An app that allowed you to purchase credit before you had a crisis (or came with $100 of credit and you had to top off after an emergency) might help reduce that noise.
What if the $ went directly to the first responder?
There are ways to solve these problems.
Also, when you drive that "false positives" number to zero you also introduce false negatives. People will wait until it is too late to call 911. This could actually have all kinds of negative externalities, like the police getting into more shootouts because things were allowed to spiral out of control.
This is all beside the fact that you are assuming that everyone who would ever need to call 911 has $100 lying around to "top-off" an app (how do people without smartphones use 911, by the way?).
I'm saying there is a number between $0 and $1,000,000 per call that will help reduce false positives and make the system more efficient.
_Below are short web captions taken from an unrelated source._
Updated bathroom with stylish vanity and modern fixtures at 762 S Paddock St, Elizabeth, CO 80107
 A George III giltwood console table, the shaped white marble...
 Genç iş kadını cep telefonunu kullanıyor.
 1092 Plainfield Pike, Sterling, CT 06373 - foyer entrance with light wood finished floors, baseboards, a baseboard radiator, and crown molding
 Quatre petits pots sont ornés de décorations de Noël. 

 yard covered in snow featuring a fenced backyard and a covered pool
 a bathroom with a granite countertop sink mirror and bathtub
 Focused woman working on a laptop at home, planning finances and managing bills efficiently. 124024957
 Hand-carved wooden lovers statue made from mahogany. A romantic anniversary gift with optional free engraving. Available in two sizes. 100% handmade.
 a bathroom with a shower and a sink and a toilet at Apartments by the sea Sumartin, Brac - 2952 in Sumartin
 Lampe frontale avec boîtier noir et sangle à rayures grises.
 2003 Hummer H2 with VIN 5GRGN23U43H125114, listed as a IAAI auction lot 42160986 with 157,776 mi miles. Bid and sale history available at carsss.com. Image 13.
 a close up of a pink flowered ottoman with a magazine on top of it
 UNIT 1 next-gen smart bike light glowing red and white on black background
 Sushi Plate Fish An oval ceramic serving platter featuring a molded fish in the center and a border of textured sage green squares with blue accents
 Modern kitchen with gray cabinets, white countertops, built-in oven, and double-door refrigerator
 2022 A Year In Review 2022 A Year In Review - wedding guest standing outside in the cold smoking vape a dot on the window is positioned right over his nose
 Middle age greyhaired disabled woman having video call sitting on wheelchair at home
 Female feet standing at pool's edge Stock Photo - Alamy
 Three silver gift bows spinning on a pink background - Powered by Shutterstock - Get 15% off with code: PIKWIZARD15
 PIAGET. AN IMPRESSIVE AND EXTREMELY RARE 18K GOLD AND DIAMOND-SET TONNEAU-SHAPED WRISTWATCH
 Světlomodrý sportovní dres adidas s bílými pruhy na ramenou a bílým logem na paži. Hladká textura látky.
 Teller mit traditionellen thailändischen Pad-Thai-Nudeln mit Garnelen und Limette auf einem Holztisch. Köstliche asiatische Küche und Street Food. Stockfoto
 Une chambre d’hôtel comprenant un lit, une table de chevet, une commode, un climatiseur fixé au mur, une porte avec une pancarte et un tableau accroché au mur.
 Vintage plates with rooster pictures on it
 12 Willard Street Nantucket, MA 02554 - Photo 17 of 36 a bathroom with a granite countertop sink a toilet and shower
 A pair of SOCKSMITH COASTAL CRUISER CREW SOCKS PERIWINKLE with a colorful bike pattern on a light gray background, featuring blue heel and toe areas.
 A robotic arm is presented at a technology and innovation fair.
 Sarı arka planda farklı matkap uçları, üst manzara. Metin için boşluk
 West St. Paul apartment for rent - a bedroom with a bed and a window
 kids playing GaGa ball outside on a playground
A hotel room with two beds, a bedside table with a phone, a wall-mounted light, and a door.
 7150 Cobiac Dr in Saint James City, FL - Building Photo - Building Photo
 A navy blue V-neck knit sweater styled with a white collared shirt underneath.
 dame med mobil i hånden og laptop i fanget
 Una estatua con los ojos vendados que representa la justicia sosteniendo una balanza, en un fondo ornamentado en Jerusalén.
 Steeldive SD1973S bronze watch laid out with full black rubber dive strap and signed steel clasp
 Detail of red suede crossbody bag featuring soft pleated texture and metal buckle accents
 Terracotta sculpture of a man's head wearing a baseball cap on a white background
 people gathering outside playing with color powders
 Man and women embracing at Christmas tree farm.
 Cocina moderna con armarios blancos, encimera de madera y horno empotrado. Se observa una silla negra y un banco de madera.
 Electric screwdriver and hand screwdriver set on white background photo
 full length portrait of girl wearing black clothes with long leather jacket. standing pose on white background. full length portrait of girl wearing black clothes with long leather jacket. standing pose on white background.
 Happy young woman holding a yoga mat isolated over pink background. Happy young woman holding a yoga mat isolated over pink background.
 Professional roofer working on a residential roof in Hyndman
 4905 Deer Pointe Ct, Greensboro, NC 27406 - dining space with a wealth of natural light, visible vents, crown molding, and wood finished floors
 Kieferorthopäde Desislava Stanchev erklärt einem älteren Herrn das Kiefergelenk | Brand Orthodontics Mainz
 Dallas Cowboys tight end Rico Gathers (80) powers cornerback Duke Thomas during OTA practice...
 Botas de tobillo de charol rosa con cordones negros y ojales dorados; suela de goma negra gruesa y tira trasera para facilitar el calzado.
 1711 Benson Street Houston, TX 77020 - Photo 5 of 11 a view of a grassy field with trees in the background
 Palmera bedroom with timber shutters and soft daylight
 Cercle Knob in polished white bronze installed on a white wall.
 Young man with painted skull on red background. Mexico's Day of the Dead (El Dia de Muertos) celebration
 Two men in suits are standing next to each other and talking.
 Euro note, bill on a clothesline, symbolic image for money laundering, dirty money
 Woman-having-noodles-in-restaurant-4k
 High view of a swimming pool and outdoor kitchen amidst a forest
Maybe its $100, maybe its $50, maybes it $5, maybe its $0.
I've always appreciated what London did to solve its traffic congestion problems (http://grist.org/news/the-success-of-londons-congestion-char...) and while I understand they are not truly analogous, I'm a believer in using $ to properly align incentives and make a system more efficient.
So while crews are off dealing with those non-emergencies, they are unavailable to respond to things like cardiac arrests and strokes...
Your husband is beating you, but you don't have your own income? Sorry, out of luck. You're poor and unemployed and having a health emergency that will probably already bankrupt you? Lets throw an extra charge on top of there just for you.
>What if the $ went directly to the first responder?
I'm assuming you mean for these people to respond when they're off duty. It varies from state to state, but generally speaking I'm covered by Good Samaritan laws as long as I'm doing what I'm doing without expectation of compensation (if I'm on duty, I'm covered by my employer's insurance). So as soon as you offer to pay me, I'm no longer covered, and I'm not going to touch you with a ten foot pole.
"...tragic consequences last year when Sally Geeson, a student, was abducted and murdered in Cambridge. Sally, whose phone had run out of call credit, sent a series of texts asking for help to friends, apparently not realising that she could have made a 999 call for free."
I really believe that this would be a more efficient system on the whole.